There's something else he treasures about trains - that slightly melancholy sense of displacement, of in-betweenness you get on a rail journey.

"Proust said getting on a train is a tragic event, because you don't know what's coming next," he says. "There's an anonymity about a railway station, a sense of flux, of transience."

All of which makes the railways a great setting for brooding crime novels: as Andrew himself discovered with his last book, The Necropolis Railway.

It was set in the Edwardian period - the very high-water-mark of train travel, Andrew says, when virtually every village had its own station and magnificent engines clanked and steamed from one end of the country to the other.

It featured a wide-eyed Yorkshire hero, Jim Stringer, who headed south to London from Robin Hood's Bay and got a job on - surprise, surprise - the Necropolis Railway.

This was the train that ran funeral services from Waterloo to the sprawling suburban cemetery of Brockwood in Surrey.

It soon transpires that dirty deeds are afoot - and some of Brockwood's customers are arriving at the cemetery far sooner than they should have.

Jim sets out to find the truth behind the grisly deaths - hopefully before he collects his own one-way ticket to Brockwood.

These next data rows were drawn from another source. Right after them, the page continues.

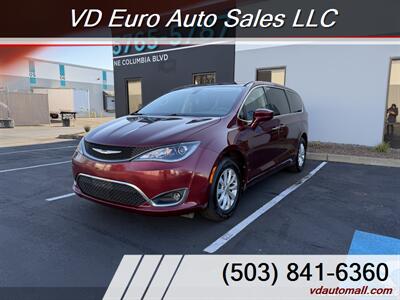 2018 Chrysler Pacifica Touring Plus Van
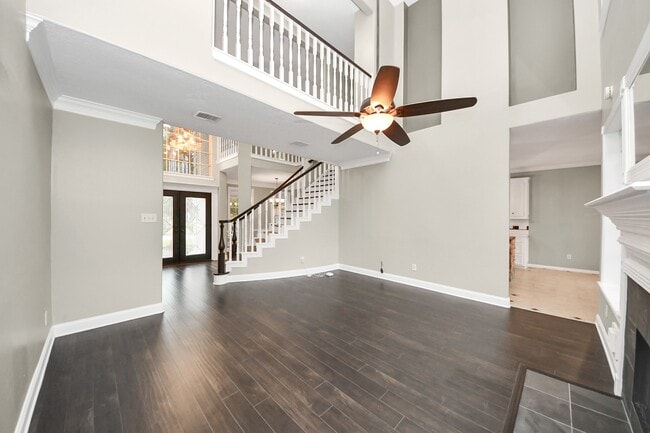 Building Photo - 2405 Guilbeau Ln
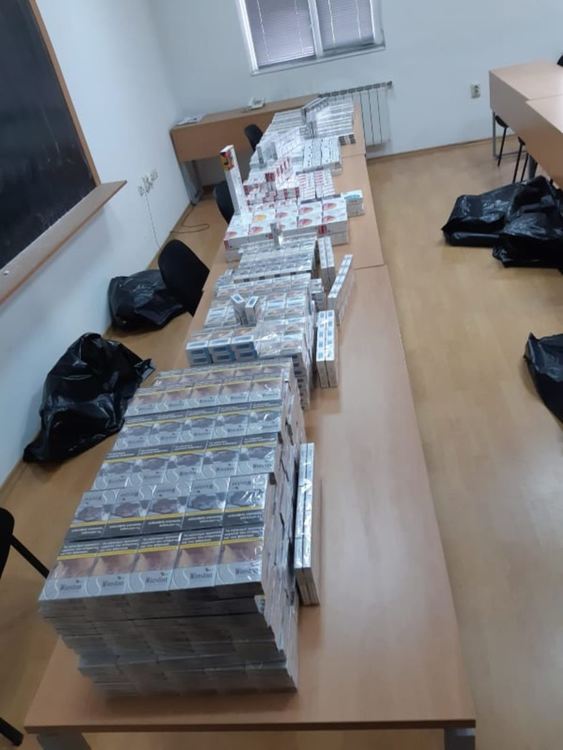 Конфискуваха 43 140 цигари без бандерол, задържаха младеж с „пико”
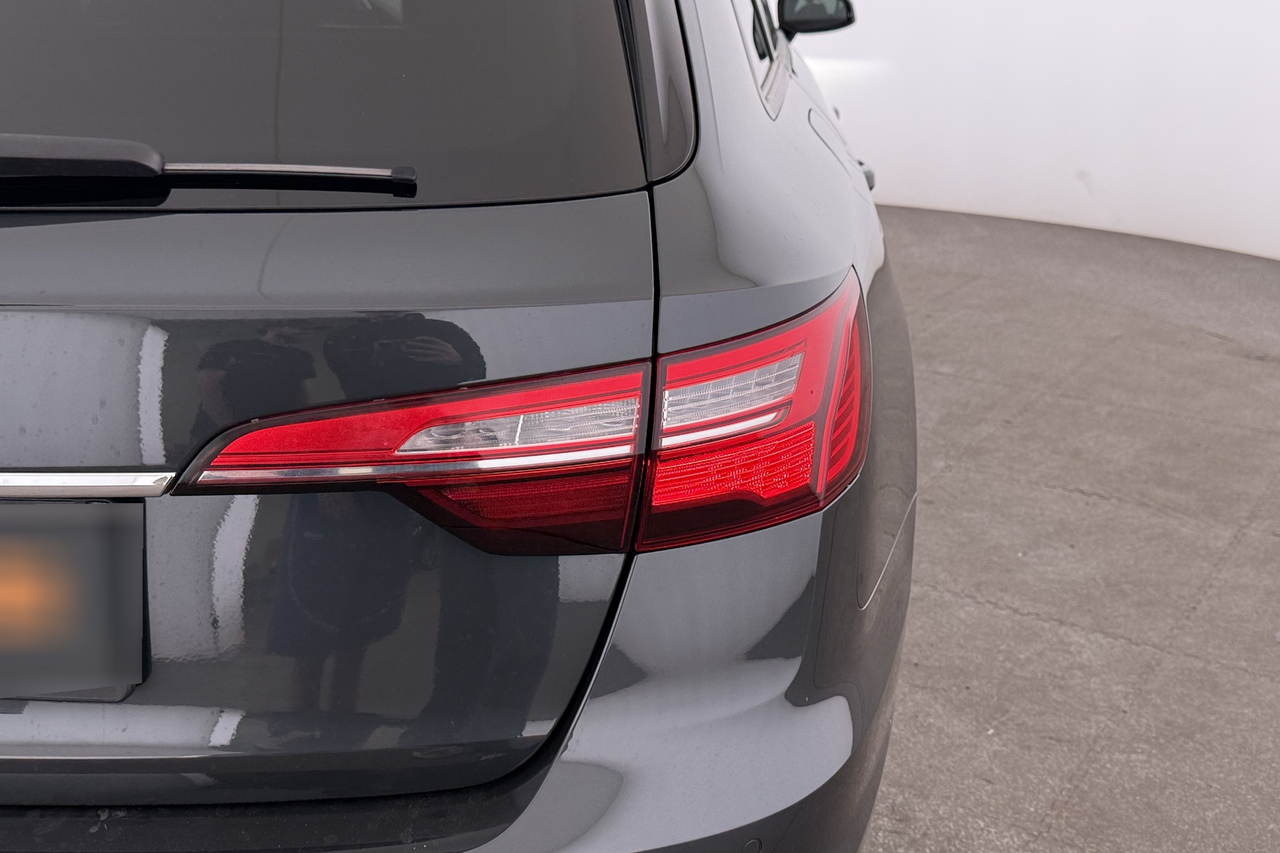 Audi A4 Avant — photo 10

The book bowled over Evening Press reviewer Chris Titley. Andrew's "brilliant eye for the humdrum detail, the sounds and smells, the advertising posters for Duke of Wellington Cigars and Stowers Lime Juice, make his London of 1903 one we walk right into," he wrote. "The reader is with Jim at every turn. We huddle against the dim damp of his room; we feel the heat of the engine's firebox; we are deafened by the rowdy release of the local inn."

Fans of The Necropolis Railway will, like Chris, no doubt be delighted that Andrew has returned to Edwardian England and to Jim Stringer for his new book, The Blackpool Highflyer.

This time it is the year 1905. Jim is married and happily settled in Halifax, working as driver's mate on the famous Blackpool Highflyer, running holidaymakers to the resorts of Blackpool and Scarborough.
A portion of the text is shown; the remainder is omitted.